Ik vraag me af hoe het gaat evolueren.
Wanneer ik het neerpen, klink ik als mijn ouders. Een blik in de spiegel maakt duidelijk dat ik het ben met woorden die ik heb aangeleerd. Soms met de aanvulling “Als je groter bent, zal je het wel begrijpen”. Zo gaat dat nu eenmaal.
Ik vraag me dus af hoe dit gaat evolueren.
Het is niet de vraag die ik luidop moet stellen om een ergernis te uiten – want elke dag opnieuw kom ik beroepshalve fantastische en gedreven jongeren tegen – maar het is de vraag die ik luidop wil stellen omdat ik best ongerust ben. Toch over een deeltje van hen.
Sociale contacten aangaan en sociale vaardigheden, leer je aan via je omgeving. Maar het is ook een vaardigheid die je best wel vaak moet oefenen. Niet iedereen is een natuurtalent. Het aanleren vraagt energie van jezelf, maar evengoed van je omgeving. Dit vooral wanneer het maken van weloverwogen keuzes nog wat moeilijk is wegens te jong. Het is als een land waarop je zaait, en vrienden en kennissen zijn het gewas, maar je kunt alleen oogsten als je het gewas voldoende zorg en aandacht geeft. Die zorg en aandacht geven vraagt enige vaardigheden.
Je thuis kan je oefenterrein zijn. Een volwassen evenmens zou dan je leidraad moeten zijn.Maar als we eerlijk zijn, weten we dat dat niet steeds even evident is.
Maar al te vaak is ons drukke leven – werk, kinderen, huishouden, hobby’s – een spelbreker in het strakke ‘ideale’ opvoedingsplan dat we voor ogen hebben.
Televisie, tablet, smart Phone zijn dan een welgekomen afwisseling en vaak ook gewoon een oplossing. Een oplossing die we vaak inschakelen, daar moeten we niet flauw over doen. Steeds met vermelding dat er uitzonderingen zijn uiteraard.
Uiteraard is dat niet alleen zeer jammer, maar ook behoorlijk frustrerend.
Want sociale vaardigheden leer je niet aan via een tablet. Echte sociale contacten leg je niet via facebook, instagram of snapchat.

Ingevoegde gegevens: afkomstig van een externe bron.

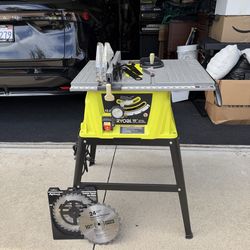 Ryobi Table Saw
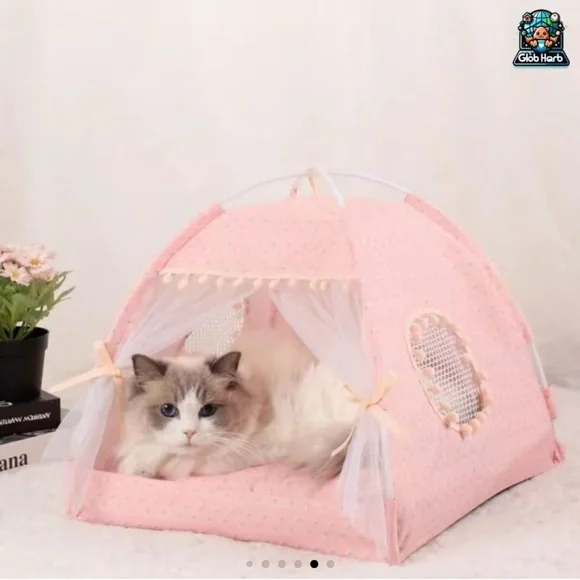 *HOST PICK (9/14)* Cute Large Cat Tent 😍🐈⛺️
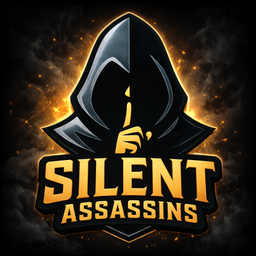 Logo drużyny Silent Assasins / Ego Tops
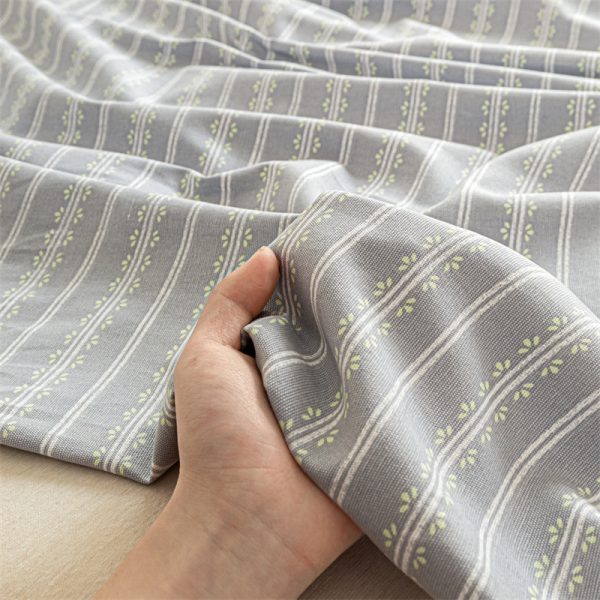 Cotton linen thick bed sheet - Image 3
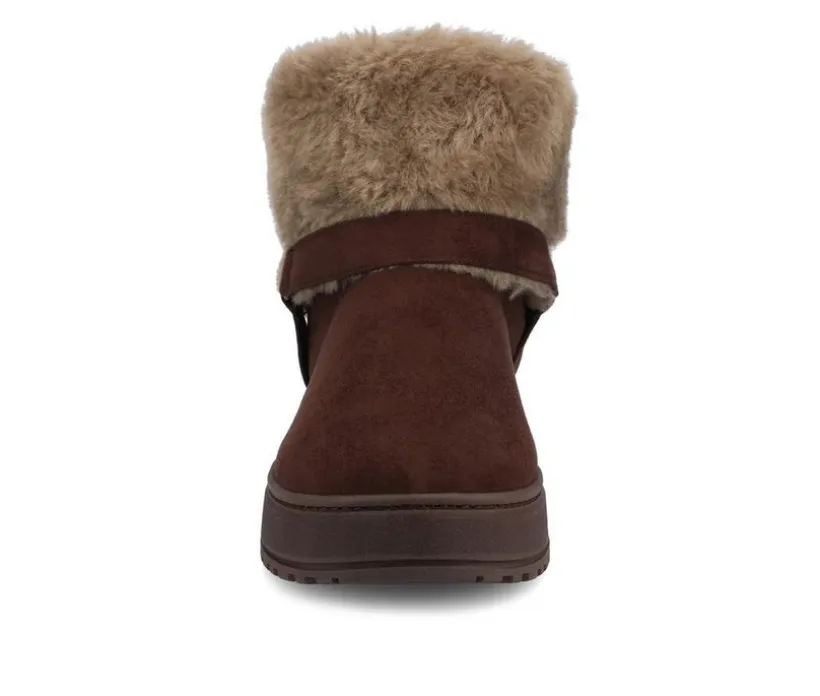Journee Collection Thada Slipper Booties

Je leert ze in het veld, op straat, op het pleintje, sportveld, in de straat. Daar waar echte kinderen en jongeren rondlopen. Daar waar echte volwassenen een mening hebben over het gedrag van ‘onze jeugd’.
Wanneer je weet dat 60% van de Antwerpenaren in een appartement woont of een woning zonder tuin, dan weet je ook dat de enige speeltuin waarover zij beschikken zich in de buurt van de woning bevindt. Ergens achter de hoek of gewoon op de straat.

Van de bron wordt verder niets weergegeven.